See PAPER.md §8 for full pipeline and judge-prompt locations. All script sources live under scripts/.


Layout

scripts/                 — pipeline (create-clones, manual-bench, judge-*, aggregate)
docs/                    — task briefs, pipeline notes
config/                  — per-tool config templates
results/
  FINAL-REPORT-*.md      — cross-task summary report
  final-report.md        — feature per-trial detail
  _blind-eval/           — feature judged artifacts (opus/codex/qwen × 5 rounds)
  _human-reference/      — hand-authored reference implementation (anchor)
  bugfix/, refactor/     — task-scoped results (per-task final-report.md inside)
  <tool>/t<N>/           — per-trial execution artifacts
CLAUDE.md                — internal operator notes

Browse the tree on GitHub: infina-pfa/claude-tool-benchmark.


Caveats

  1. Single codebase, single language (TypeScript NX monorepo).

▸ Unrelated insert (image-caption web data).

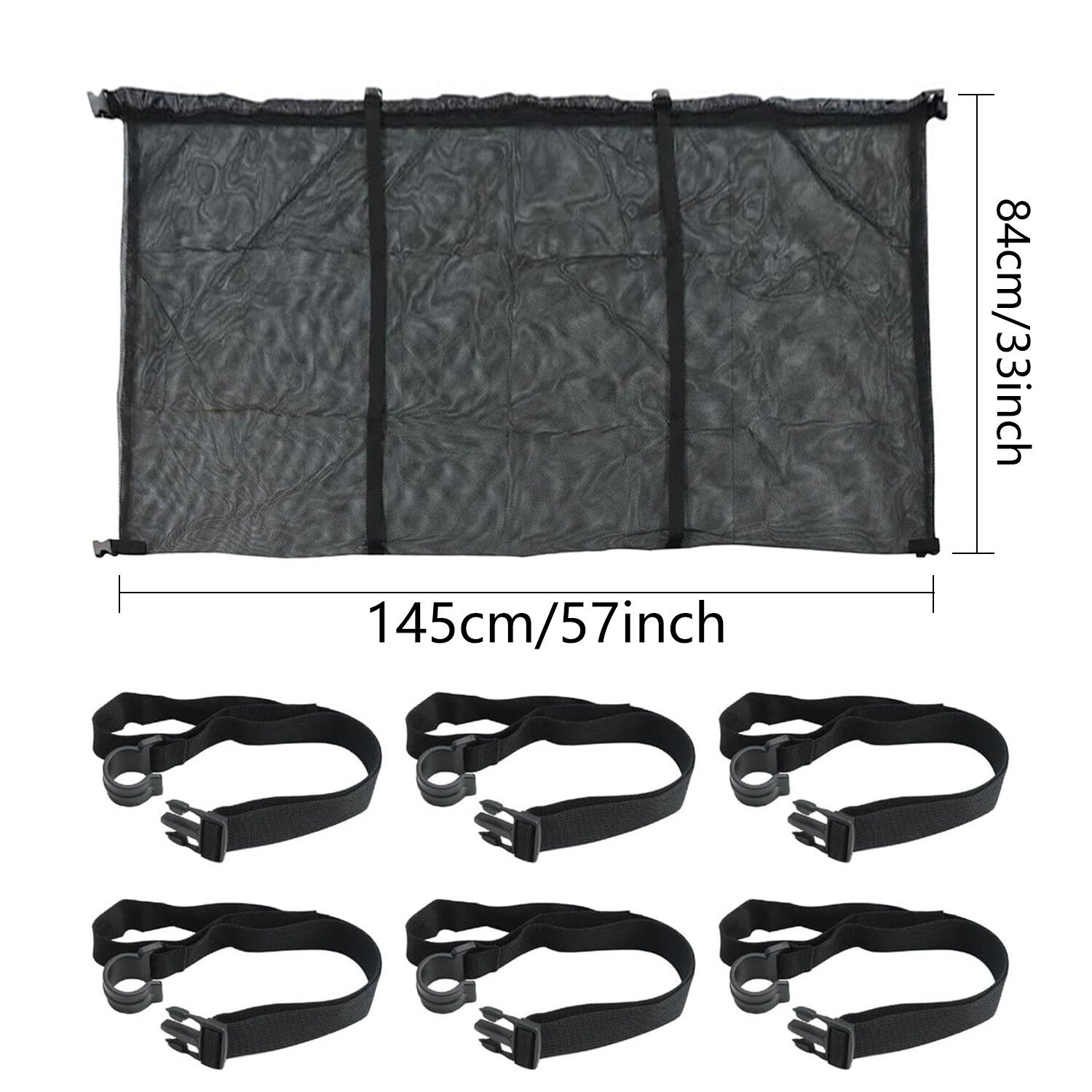 145x145CM Heavy Duty Pool Toy Storage Net Bag Adjustable Organizer image 2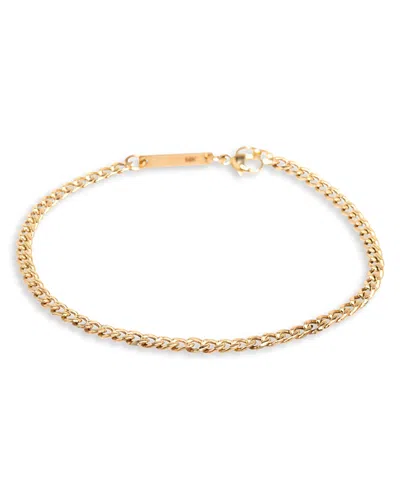 Zoë Chicco 14k Yellow Gold Curb Link Bracelet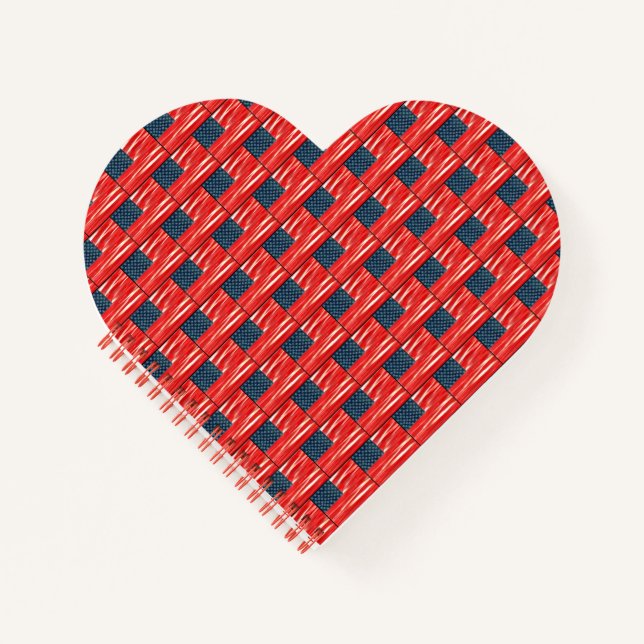 USA Flag Heft Shape Notebook Notizbuch (Vorderseite)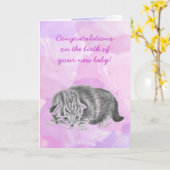 新生児おもしろいグリーティングカード カード (黄色い花)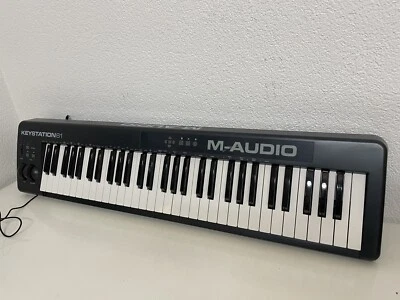 M-Audio Keystation 61 MkII MIDI Keyboard Controller Masterkeyboard - Bild 1 von 4
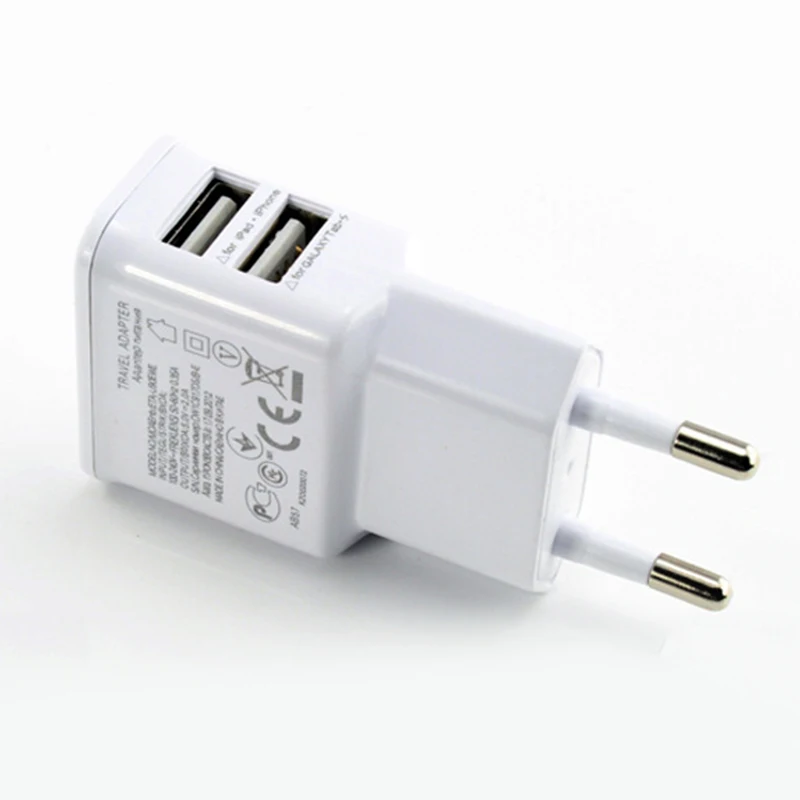 Overfly Универсальное зарядное устройство для мобильного телефона двойной USB ЕС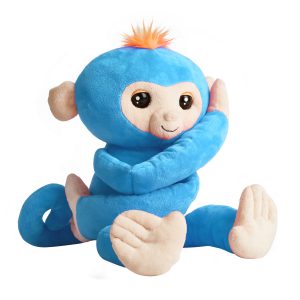 Read more about the article Fingerlings HUGS – Boris (Blue) – Advanced Interactive Plush Baby Monkey Pet – by WowWee $9.99 @Walmart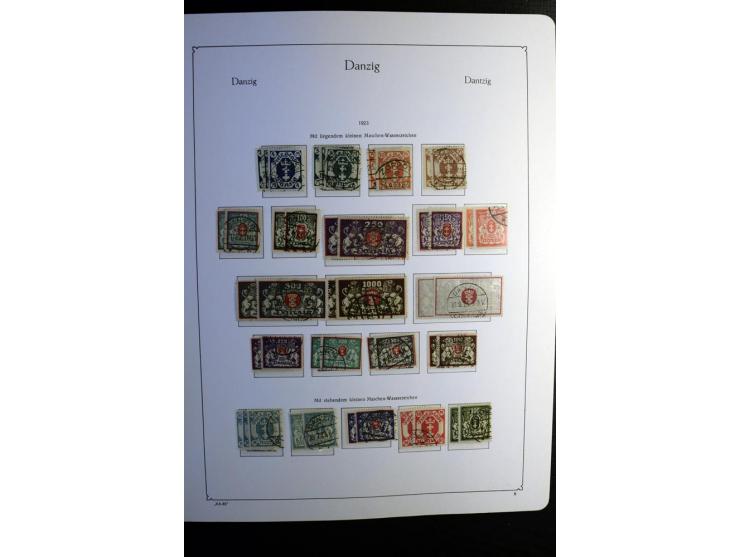 1851/1945, ungebrauchte/postfrische und gestempelte Sammlung ab etwas Altdeutschland, ein Teil Deutsches Reich Zusammensdruck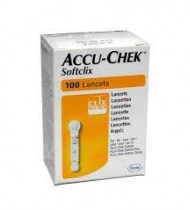 Accu Chek Softclix Lancet 100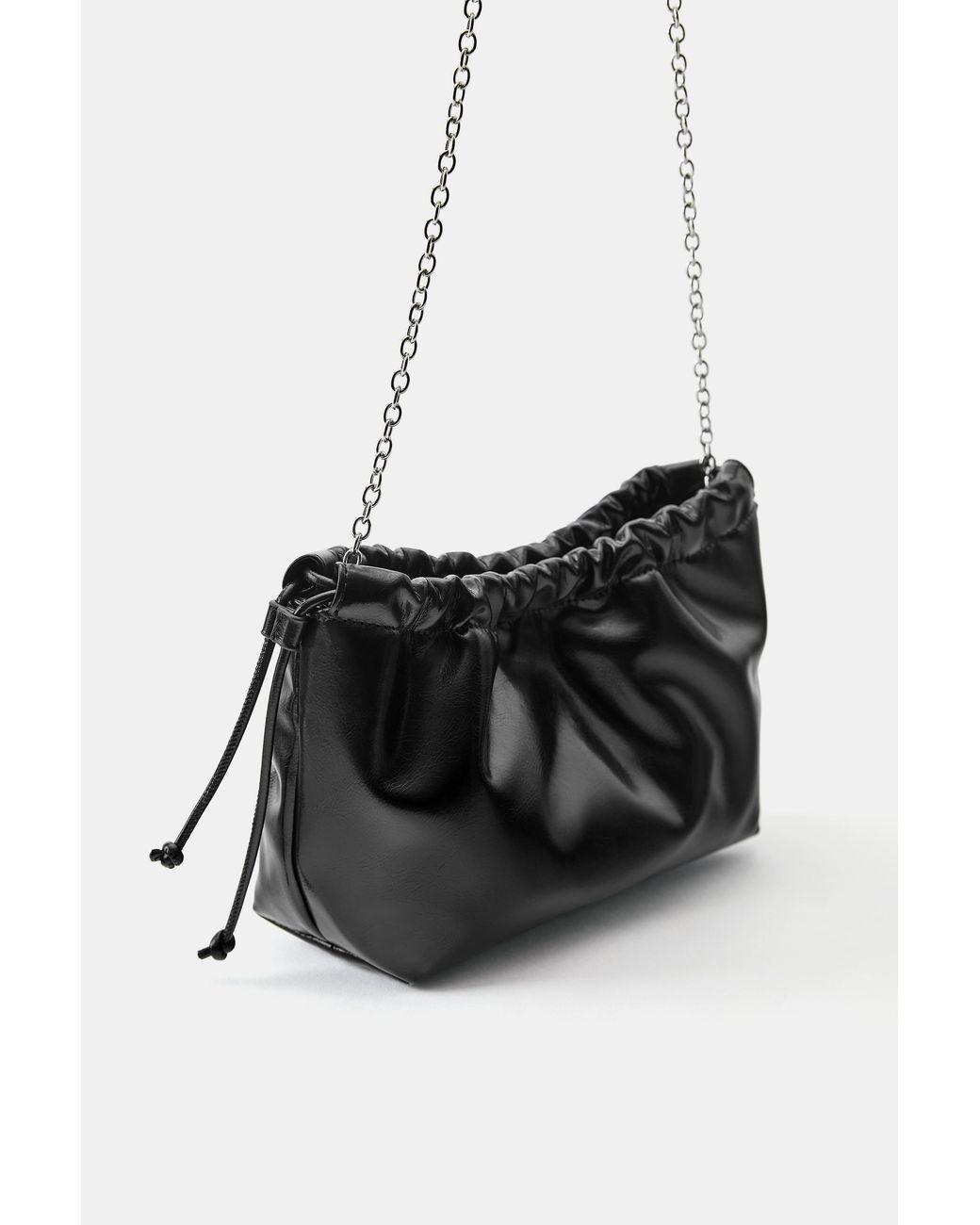 Pull&Bear Black Bucket Bag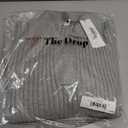 The Drop Women's Marcy Ribbed Polo Top (Medium, Light Heather Grey)
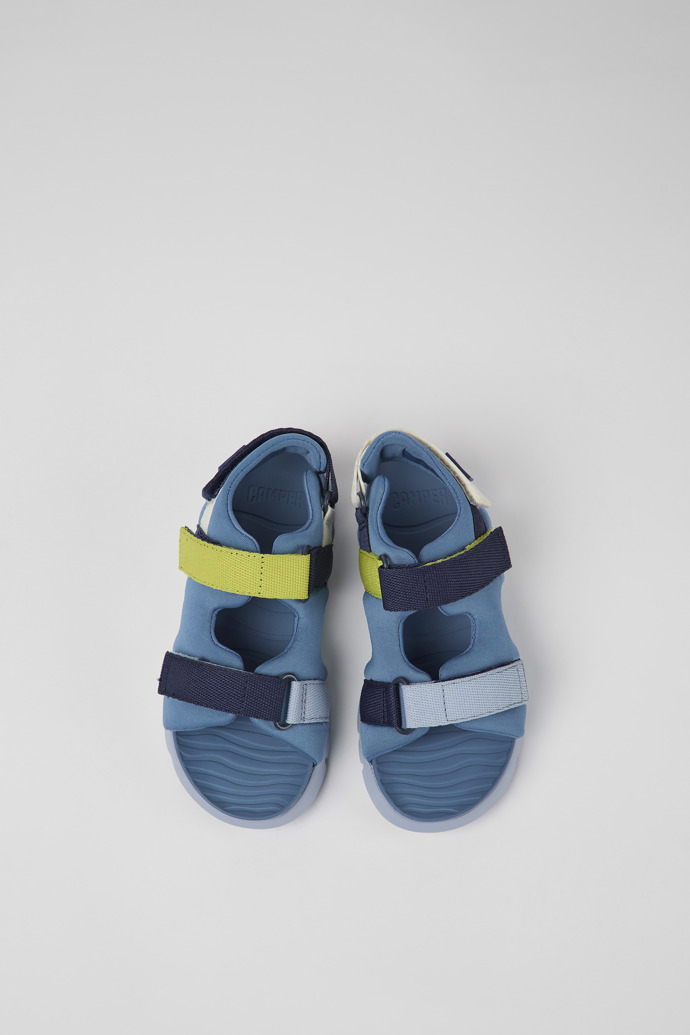 Twins Blue fabric sandals for boys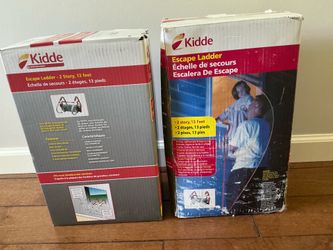 Kiddie 2-Story Escape Ladder (set of 2)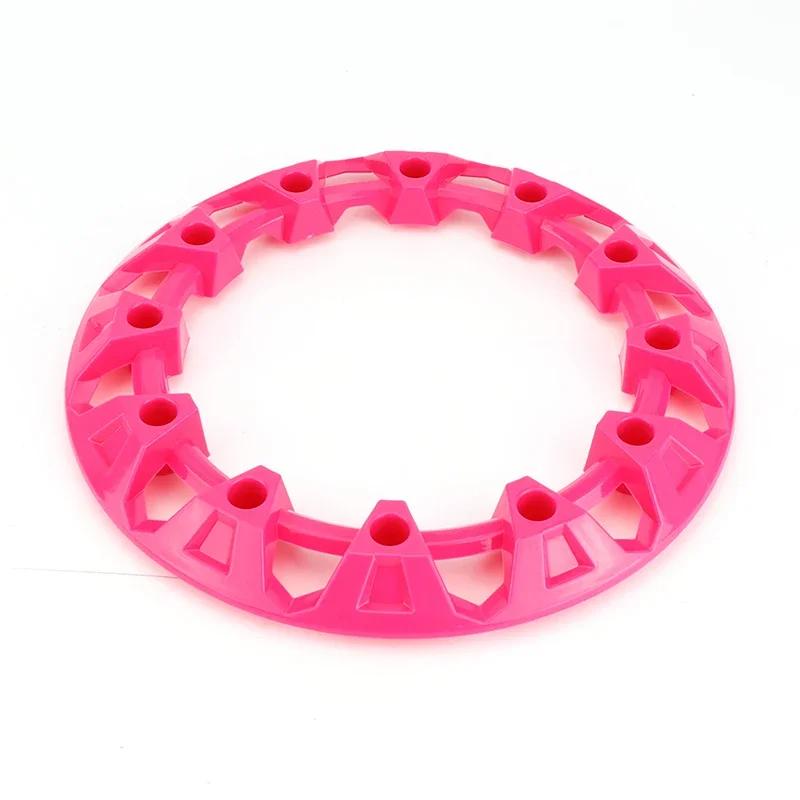 4pcs 6 Inch ATV Wheel Trim Hub Protection Decor Rim Cap Universal for All Terrain Vehicle Wheel  6 Inch ATV Wheels Plastic Cover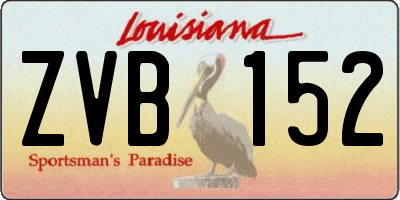 LA license plate ZVB152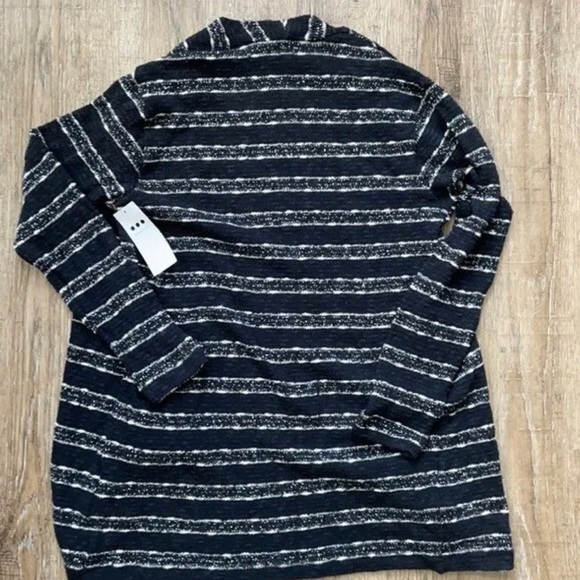 𝅺THREE Dots Anthropologie Metallic Open Cardigan Sweater - Picture 5 of 10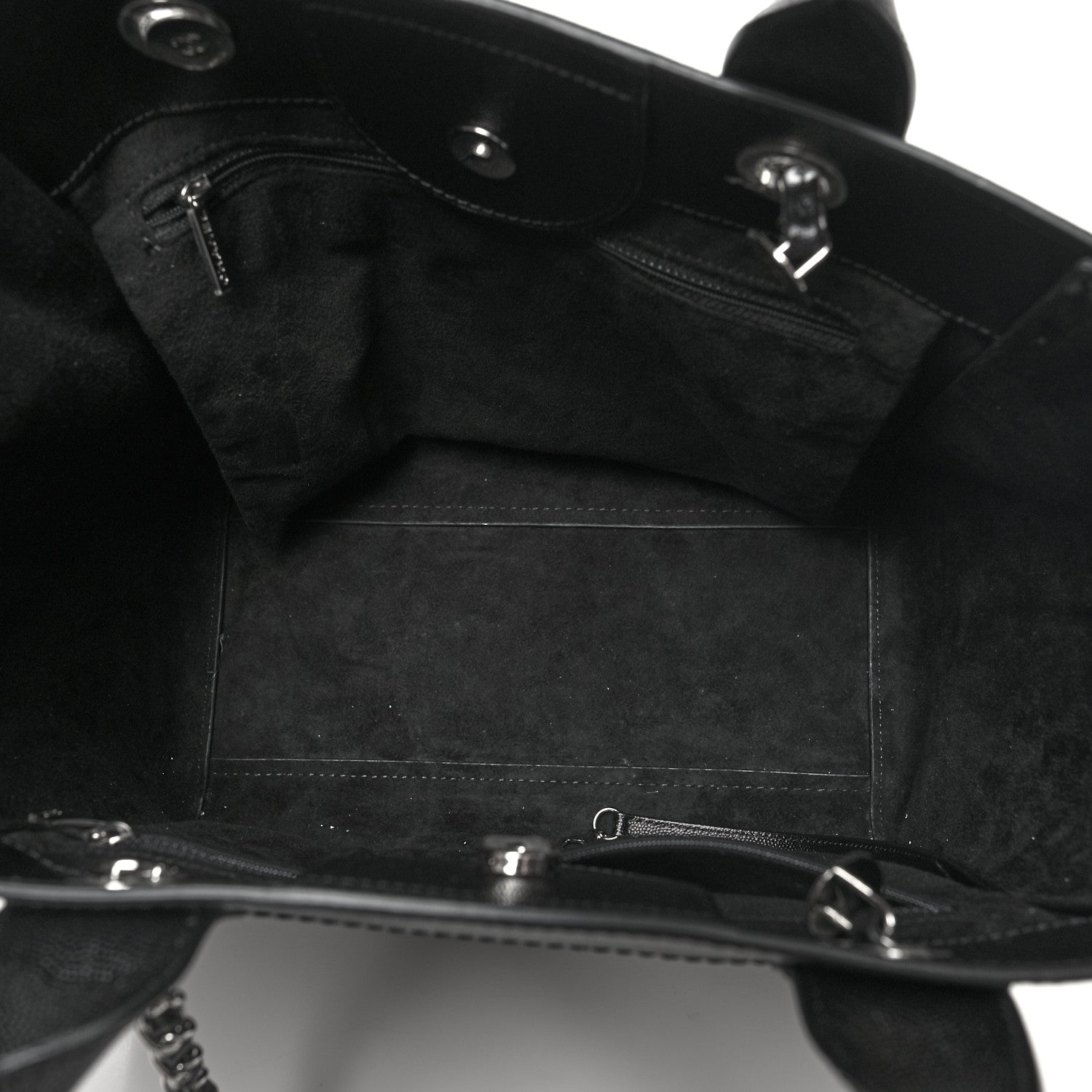 Chanel Caviar Small Studded Deauville Tote Black 5 of 10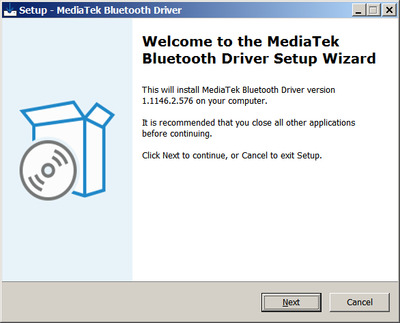 MediaTek MT7922 Bluetooth Adapter drivers 1.1146.2.576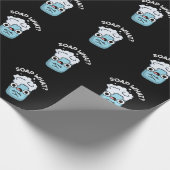 Seife was Funny Soap Puff Dark BG Geschenkpapier (Ecke)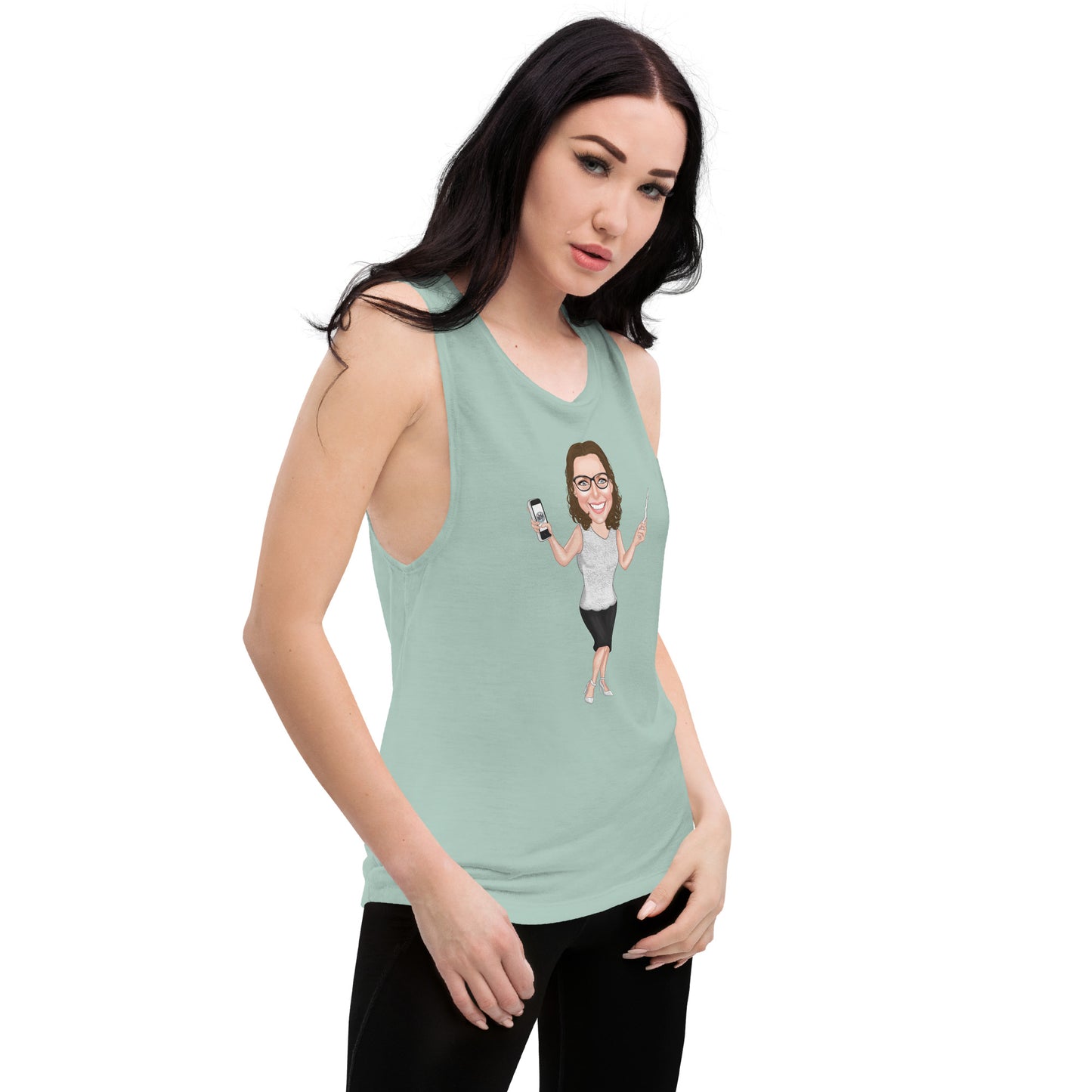 Sourcepool ladies’ muscle tank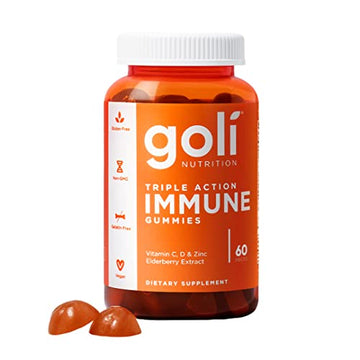 Goli Immune Vitamin Gummy - 60 Count - Elderberry, Vitamin C, D & Zinc, Vegan, Non-GMO Goli uk supplements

Don’t assume these rankings generalize to Python/Go/Rust.
  2. Single executor base model (claude-opus-4-6). A setup that specializes on sonnet/haiku may rank differently.
  3. LLM judges diverge ±25 pts absolute. Rank-order agreement (Spearman ρ) is strong on feature and bugfix (0.22–0.88) but collapses on refactor (CIs straddle 0). Krippendorff α on 200-point totals is negative on feature and refactor — judges disagree on absolute scale. Per-item α is moderate (0.15–0.66). The 3-judge balanced mean averages drift out by design, but single-judge claims on this corpus under-report uncertainty by ≈1× order of magnitude.
  4. Top-4 is a statistical tie — top-4 pairwise 95% bootstrap CIs overlap on every task. Use cost/speed/DX as the real differentiator, not score.
  5. Ranking depends on the weighting scheme. Equal-weight z̄, judgment-count-weighted z̄, and rank-sum agree on the top cluster and bottom outlier but disagree on middle ordering (≥2 rank positions of movement for claudekit/mindful/superpower). Read the per-task CI tables, not a single cross-task leaderboard.
  6. Tier groupings are by pairwise-overlap complete-linkage (descriptive), not a FWER-controlling procedure. No Bonferroni/Holm applied across the 108 cross-task cell comparisons. Only individually cited pairwise separations (FINAL-REPORT §3) carry statistical weight.
  7. Self-preference is NOT audited — it’s not identified by this design. Every executor uses a Claude base model, so the §4.5 check in the paper is a judge-calibration asymmetry measurement, not a family-favoritism test. A true self-preference audit would need non-Anthropic-base executor runs as a control.
  8. Pseudoreplication caveat. Bootstrap CIs are stratified by judge but treat multiple judgment rounds of the same artifact as independent draws, inflating apparent precision. Close pairwise calls within tiers should not be cited as statistically significant.
  9. Judge sampling not pinned. Claude / OpenCode CLIs don’t expose temperature or sampler seed. Round-to-round σ reflects sampler variance; three-judge averaging is the intended mitigation, not a fix.
  10. Not preregistered. Tasks, rubric, and judge panel chosen iteratively by the benchmark author.
  11. Tool-version snapshot, 2026-04. Re-run for current-version claims.

See PAPER.md §7 for the full threats-to-validity list.


License

Results and methodology published openly for reference and independent re-analysis. See individual files for upstream tool licenses. Source repository: infina-pfa/claude-tool-benchmark.